A colleague on Twitter, @ICComLib, pointed me to a recent report from the Congressional Research Service about the naming of US Naval ships. This is actually a pretty interesting issue, and can get quite controversial quite quickly.
Ever since the founding of the US Navy, there have been conflicts about how names are assigned. Aircraft carriers are now nearly always named after former US Presidents. So was it a slight to Jimmy Carter to have his name assigned to a submarine, rather than an aircraft carrier?
Not really, since Carter was a USNA graduate, joined the submarine service where he sailed on and commanded submarines, and worked directly under Admiral Rickover to develop the new nuclear Navy.
On the other hand, the Seawolf class of attack submarines are named Seawolf (SSN-21), Connecticut (SSN-22), and Jimmy Carter (SSN-23); as the report states, “which were named for a fish, a state, and a President, respectively, reflecting no apparent class naming rule” (pg 4). There’s not a lot of continuity there.
From the launch of the brig Jefferson in April 1814, to the naming of the aircraft carrier Carl Vinson in 1970, apparently only one Naval ship had been named after a living person – in that case, John Holland, creator of the Navy’s first submarine (USS Holland (SS1)), which they bought from him, and then named after him, in 1900. Since 1970, however, this has happened every couple of years; three ships in 2012 alone were named after living people (John Glenn (MLP-2), Gabrielle Giffords (LCS-10), and Thomas Hudner (DDG-116)).

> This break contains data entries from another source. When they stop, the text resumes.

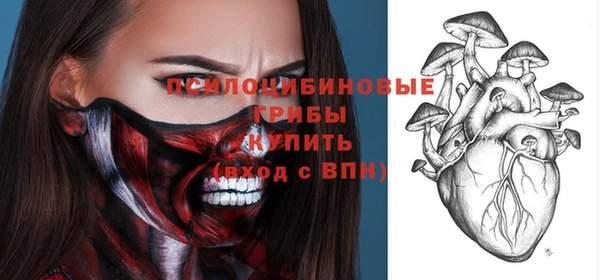 альфа пвп Гусев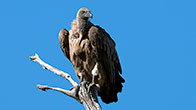 White Backed Vulture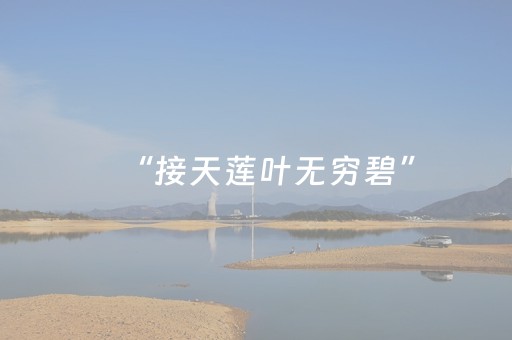 实测辅助“打哈儿麻将铺牌器”（详细透视教程）-哔哩哔哩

One interesting point in the report is that, while one might say that there is no regularity to how ships are named in the US Navy, at the same time the right of the Secretary of the Navy to make exceptions in naming conventions is one of the oldest ship-naming traditions.

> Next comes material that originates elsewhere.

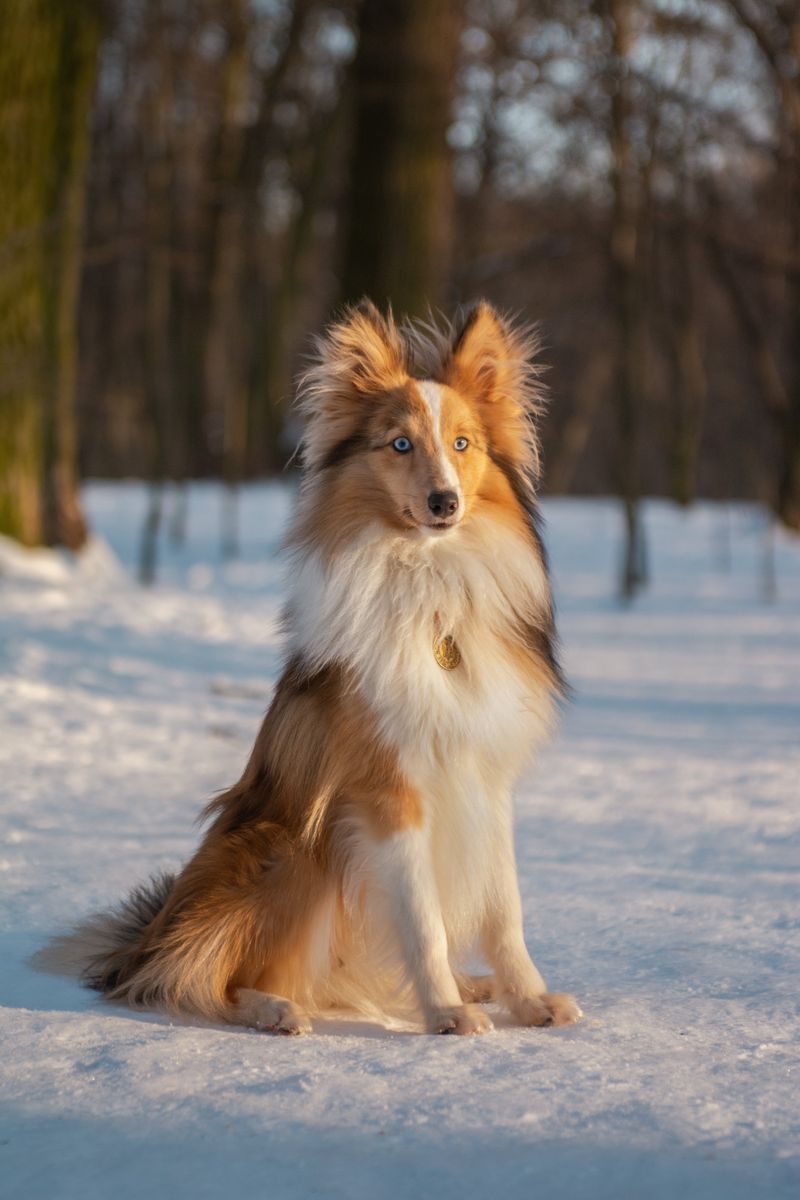 A clear routine often unlocks the very best these dog breeds have to offer 6 Shetland Sheepdog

Another highlight is the role that Congress plays in suggesting or influencing vessel names and clarifications: one interesting example was that of a message to the Navy from Maine’s two Senators in 2013, seeking clarification of the forthcoming amphibious dock ship, to be named USS Portland. Senators Collins and King were concerned because the Navy had indicated that the ship was being named after Portland, Oregon, and not Portland, Maine. As the Senators pointed out, not only were previous Portlands named after Portland, Maine (for instance, USS Portland (CA-33)), or both cities (LSD-37), but Portland, Oregon, itself, was named after Portland, Maine.
This report is a followup to a report submitted to Congress from the Navy three years ago (though this report was written by staff at Congressional Research Service, not the Navy’s Naval History and Heritage Command, which put together the previous report). It seems clear that the Navy will continue to create guidelines for how ships should be named, and also continue to ignore them, when they see fit to do so.